Anaokulu yaşlarında ise bizzat Devlet zorunlu taşeron olur. Henüz 5 yaşlarından itibaren çocuğun üzerinde kalıcı ve etkili biçimlendirmeye başlar. Devletin taşeronluğu kendi doğal sorunları ve sıkıntılarının yanında, yurt çapında ve hatta aynı okulda bile tutarlı olmayan kalite sonuçlarıyla birlikte gelir. Bölgeler arası kronik sorunların yanı sıra, devlet adına iş görenlerin yapısından kaynaklanan farklılıklar söz konusudur. Devlet, esasında ana babanın taşeronu ve yardımcısı rolünde iken, kendi gündemine odaklandığından, ana babanın çocuk üzerindeki iradesini zayıflatıcı ve hatta ana babaya karşı tavırlı bir etkiye de neden olabilir. Devlet tarafından dayatılan tek tipçi programlar nedeniyle, farklı kalan ana babaya karşı olumsuz yaklaşımlar da gelişebilir. Devletin temel endişesi, bireyi değil devleti korumak üzerine olduğu için, bireysel farklılıklar bir tehdit olarak algılanır. Çok şükür, bu yanlış algının değişmeye başladığı ve demokratik anayasaya olan talebin yükseldiği günleri yaşamaya başladık.

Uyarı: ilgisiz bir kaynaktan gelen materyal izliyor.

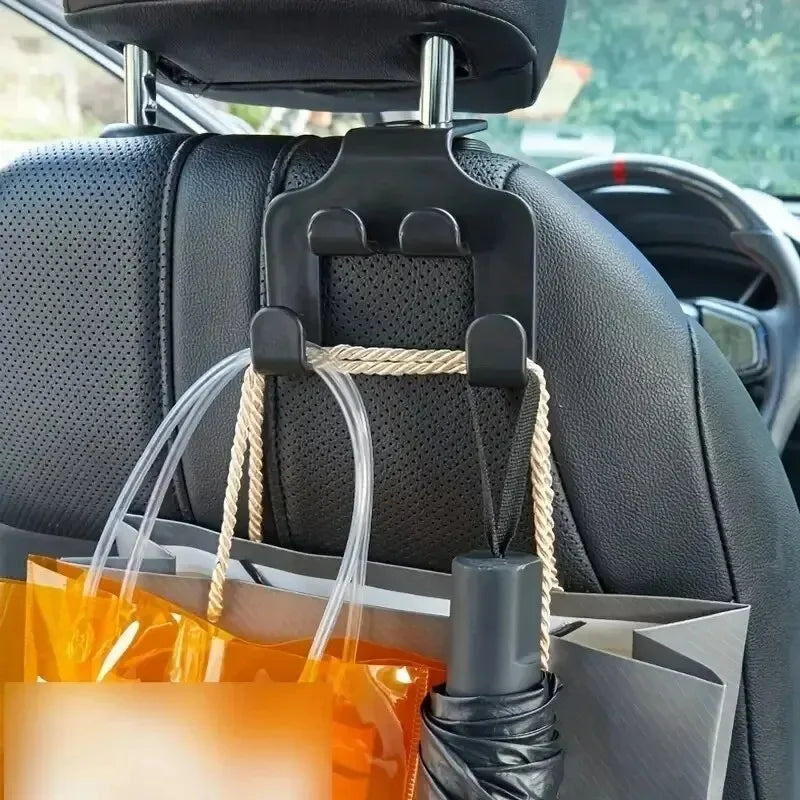 Multifunctional Car Seat Back Hook Double Head Phone Hanger Headrest Hanging Bag Storage Hanger Car Interior Accessories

İlk dini bilgileri ve ibadet eğitimlerini çocuklarımıza biz veremiyoruz. Çünkü ya zamanımız yok, ya da yeterli bilgimiz. Bu konuda Cami Hocaları, Kur’an Kursları ve okullardan (Kur’an ve Siyer derslerine sebep olanlardan Allah razı olsun) faydalanıyoruz. Cinsel eğitimi de internet hallediyor zaten. Hem de en vahşi şekilde! Siz de farkındasınızdır; özellikle yabancı film ve dizilerin hemen hepsinde standart olarak içki, uyuşturucu, zina (bazen ensest nitelikte) ve homoseksüel ilişkiler özendirecek şekilde yer alıyor. Yerli film ve dizilerimizin de aşağı kaldığını söyleyemeyiz.
Bizler ana baba olarak çocuklarımıza iyiliği, dayanışmayı, merhamet göstermeyi ve alçak gönüllüğü söylüyor da olsak etkisi cılız kalıyor. Çünkü en etkili taşeronlarımız bencilliği, insanı aldatmayı, adam harcamayı, yalanı ve ahlaksızlığı pompalıyor. Çıkar için kırk takla atılan yarışmalara özendiriyor, amaca ulaşmak için her şeyi mubah gösteriyor. Kendi emellerine ulaşabilmek için ana babanın çocuk üzerindeki otoritesini özellikle kırmaya çalışıyor.
Modern ve özgürlükçü eğitim adına çocukların aile terbiyesinden uzak veya eksik yetiştirilmesi önemli bir sıkıntıdır. Ana baba otoritesini ve terbiyesini doğru almayan çocuklar bu yanlışın bedelini ya kendileri ödüyor ya da topluma ödetiyor. Çocuklar, özgürlüğün de sınırları olduğunu, dünyanın kendileri etrafında dönmediğini önce ana babalarından öğrenmeli. Toplumsal kurallardan önce, ailenin meşru kurallarına uyabilen nesiller yetişmeli. Bu nedenle, zorunlu veya isteğe bağlı olarak tutulan taşeronların ana-baba otoritesine saygıyı yücelten, yıkıcı değil yapıcı, bozucu değil tamamlayıcı nitelikte hizmet vermesi gerekir. Ana-babaların önemli bir görevi de kötü niyetli taşeronları tespit edip evlatlarından uzak tutmaktır. Taşerona mecbur olabiliriz ama onları denetlemekten uzak duramayız. İtimat ise kontrole mani değildir.
* Daha önce www.ercanozcelik.com sitesinde yayınladığım eğitimle ilgili bir yazımdır.